La fureur de mourir

Il fut l’un des plus attachants poètes de la seconde vague du surréalisme.
J’ai souvent parlé de René Crevel (1900-1935) avec Philippe Soupault, le poète cofondateur du Surréalisme, qui fut son ami et l’éditeur de ses deux livres majeurs “Mon corps et moi” et “La Mort difficile”. Tous les deux aimaient errer la nuit dans Paris sans but précis. Quand ils se quittaient, Soupault entendait le téléphone sonner, à peine arrivé chez lui. C’était Crevel. Pour entretenir leur amitié, il voulait encore la prolonger même après s’être vu. Le 18 juin 1935, le suicide de son cadet de trois ans ne le surprit hélas ! pas. Dix ans plus tôt, Soupault avait écrit “En joue !”, un roman dont le héros lui avait été inspiré par Crevel, Rigaut et Drieu la Rochelle. Les trois mirent fin à leurs jours et « moi, je suis toujours vivant », me confiait Soupault dans les années 1980. Les inédits d’un écrivain disparu ne sont jamais synonymes de chef-d’œuvre oublié. On se félicite néanmoins de renouer avec une œuvre que presque plus personne ne lit et d’autant plus lorsqu’il s’agit d’un auteur très attachant. Dans le marécage du surréalisme, il était l’un des plus authentiques à l’inverse de l’arriviste Dali, haï par les fondateurs du mouvement, notamment pour avoir léché « les bottes ensanglantées de Franco » selon les termes de Soupault. Tout ce qu’a fait Crevel porte le sceau de l’authenticité. Il avait horreur du chiqué depuis que sa mère l’avait obligé de regarder le cadavre paternel, pendu. On ne sait pas ce qui fut le plus dur : voir son père qui s’est suicidé ou être traîné par la mère devant le cadavre ? Il ne s’en est jamais remis, même s’il était doué pour l’amitié consolatrice de bien des maux.
Fêtard pour oublier que nous sommes tous en sursis, René Crevel recherchait surtout la compagnie d’hommes et de femmes fréquentables.
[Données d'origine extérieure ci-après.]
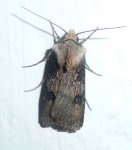 image of animal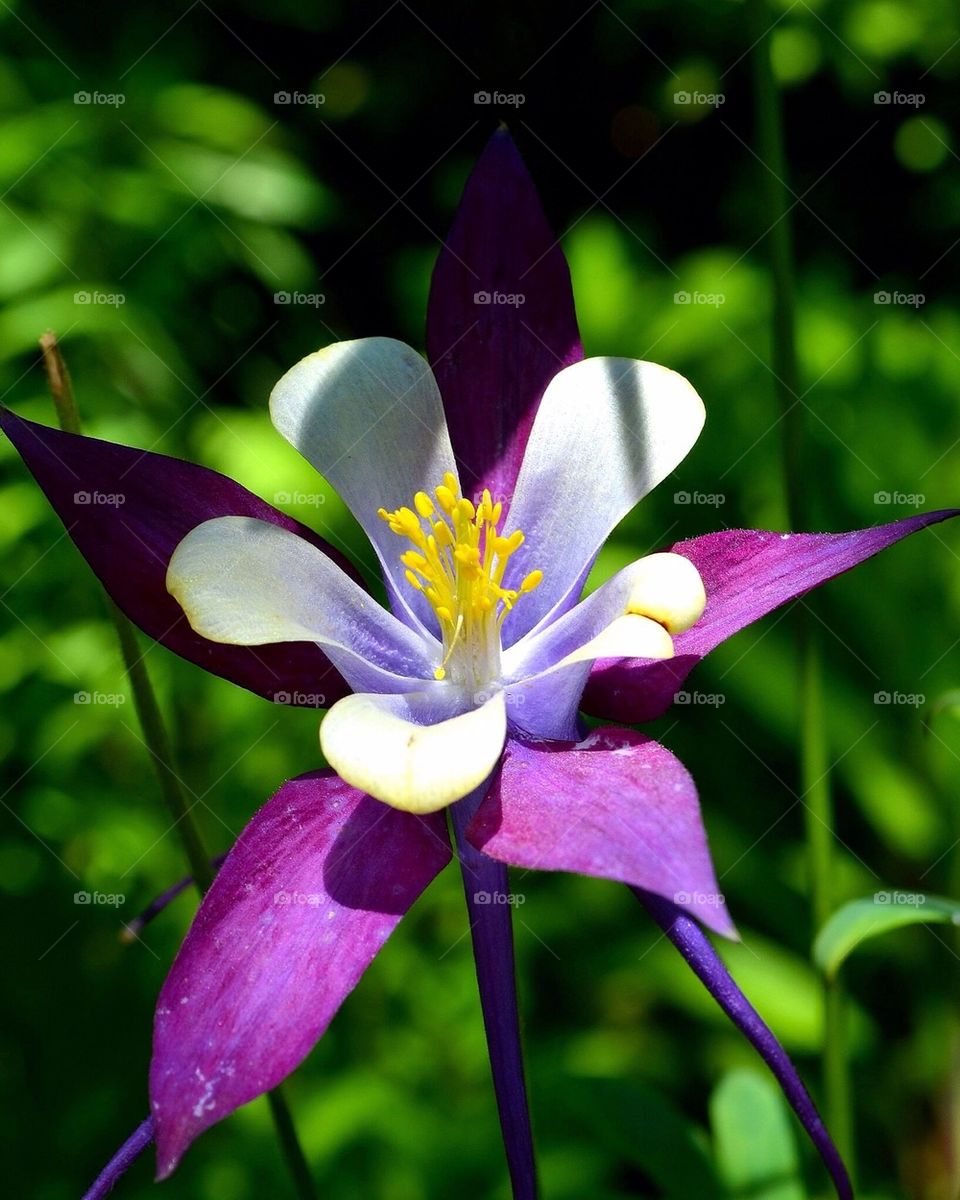 High angle view of flower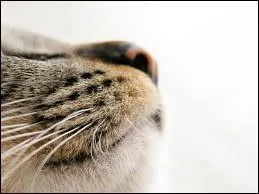Voici un museau bien connu ! 
Si le nez de mon chat est chaud et sec, est-il forcément malade ?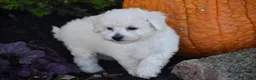 Bichpoo dogs for sale: Bunny - Ad 2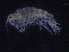  ( - ZMBN_107200)  @11 [ ] CreativeCommons - Attribution Non-Commercial Share-Alike (2016) University of Bergen University of Bergen, Natural History Collections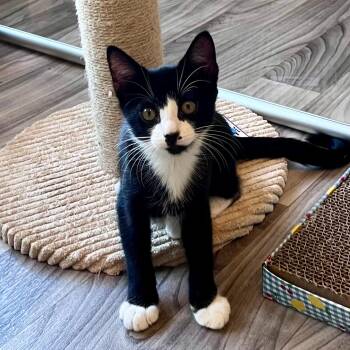 Roulette -  Domestic Short Hair Cat for Adoption in Charlotte, North Carolina - Roulette | PetCurious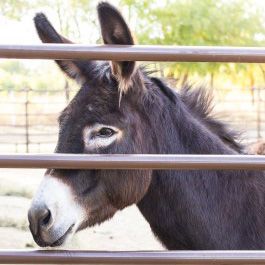 A donkey is behind a fence looking through the bars.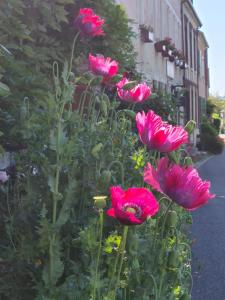 Appartements Le petit nid d'aigle - Giverny : photos des chambres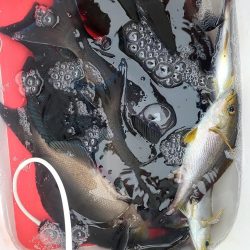 DAIWA マスターズブロック大会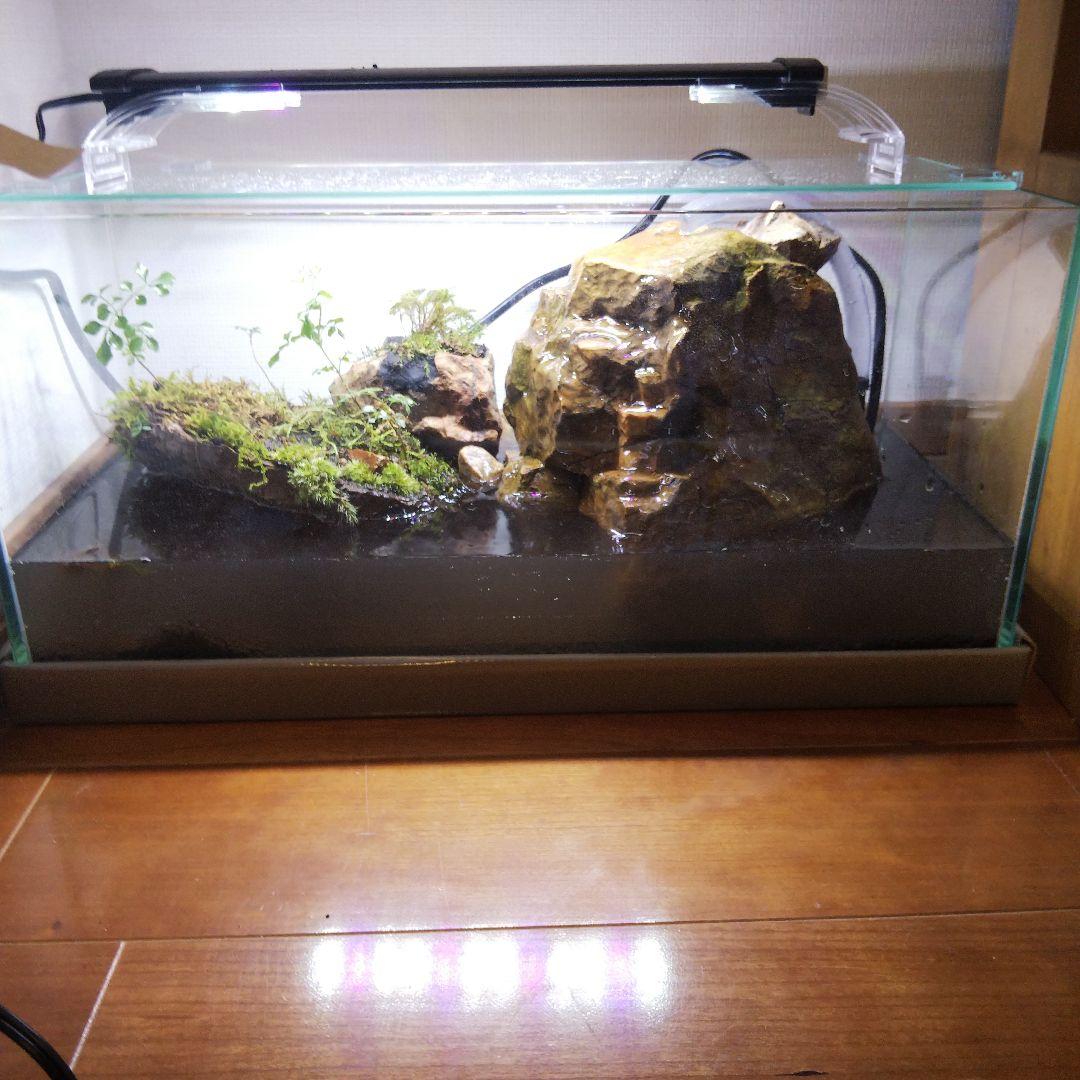 【オーダーメイド】滝のあるアクアテラリウム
Bisexuel – au mépris du véto d’André Breton qui prônait une hétérosexualité exclusive – le solitaire Crevel a beaucoup de traits de caractère en commun avec son ami Klaus Mann, autre écorché vif de l’entre-deux-guerres. Le cœur des “Inédits” est consacré à son abondante correspondance, surtout celle avec sa maîtresse TotaCuevas. « Certains jours, j’ai un visage gris. Mais l’amitié supprime ces jours-là. » Crevel avait une certitude : « On me lira dans 50 ans. » La postérité n’est pas très généreuse avec lui. Pour lui rendre hommage, on peut lire “L’arbre à méditation” (1930-1931) – sorte de “Cri” à la Munch mais avec des mots – que Soupault ne parvient pas à faire éditer car il avait décidé d’aller là « où ça se trafique ». Et au début des années 1930, Soupault combat le nazisme, dans des articles visionnaires. Proche des communistes, le tuberculeux Crevel s’active pour cacher des réfugiés espagnols. Du 12 au 17 juin 1935, il prépare Le Congrès international des écrivains pour la défense de la culture. Au cours de cette semaine-là, André Breton gifle en pleine rue Ilya Ehrenbourg, chef de la délégation soviétique. L’altercation physique met fin aux tumultueuses liaisons entre surréalistes et communistes qui du coup prennent le contrôle du Congrès. Crevel se demande alors si Breton n’était pas tombé dans le piège de la provocation.
Déçu par la tournure des événements, et par le genre humain, Crevel se suicide au gaz, chez lui, quatre jours après l’incident Breton-Ehrenbourg. Ses dernières volontés ? « Prière de m’incinérer. Dégoût ». A Soupault, il avait souvent dit que le suicide « pouvait être la solution ».
B.M.
Les Inédits, lettres, textes, de René Crevel, édition établie et présentée par Alexandre Mare, Seuil, 398 p., 23 €.